A global shift from carbon-based energy keeps accelerating. More than 120 countries and regions have already supported the goal of achieving net zero carbon dioxide emissions by 2050.
The government submitted the greenhouse gas emissions target to the United Nations this spring. It called for reducing Japan’s gas emissions by 26 percent from fiscal 2013 levels by fiscal 2030, unchanged from the target set five years ago. This lukewarm stance drew international criticism.
In July, Hiroshi Kajiyama, minister of economy, trade and industry, announced plans to gradually reduce old, inefficient coal thermal power plants by 2030. Kajiyama has also launched a public-private council to promote offshore wind power generation.
Prime Minister Yoshihide Suga is expected to pledge Japan’s commitment to a net zero greenhouse gas emission goal in 2050 in his first policy speech at the Diet, to be delivered next week.
But the new goal should be underpinned by specific policy proposals in the new Basic Energy Plan.
The METI is arguing for the need of nuclear power generation as a means to realize a low-carbon future. But efforts to bring offline nuclear reactors back on stream have made no headway due partly to strong public opposition.
Given rising safety costs, it is also doubtful whether promoting nuclear power generation really makes economic sense.
Responsible policymakers would try to map out a plan to reduce Japan’s dependence on atomic energy and phase out nuclear power generation over the long term.
To build a society that is not dependent on either coal or nuclear power, it is vital to ensure a stable power supply from renewable energy sources, which are susceptible to weather conditions, so that green energy can provide the lion’s share of Japan’s power output.

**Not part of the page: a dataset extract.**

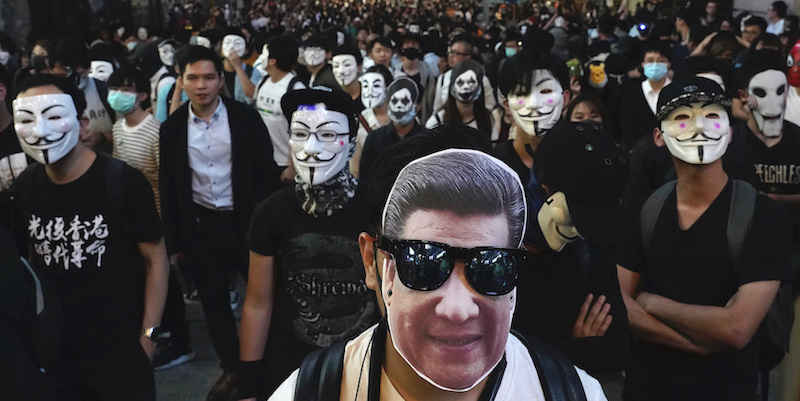 Un uomo con la maschera del presidente cinese Xi Jinping (AP Photo/Vincent Yu)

This requires efforts for more efficient use of power transmission networks and innovations in technology to store electricity, such as storage batteries.
The markets for power and gas have been increasingly liberalized. To ensure a stable energy supply under the changing circumstances, the new Basic Energy Plan should offer a grand vision for the nation’s energy future and present a road map to achieve it.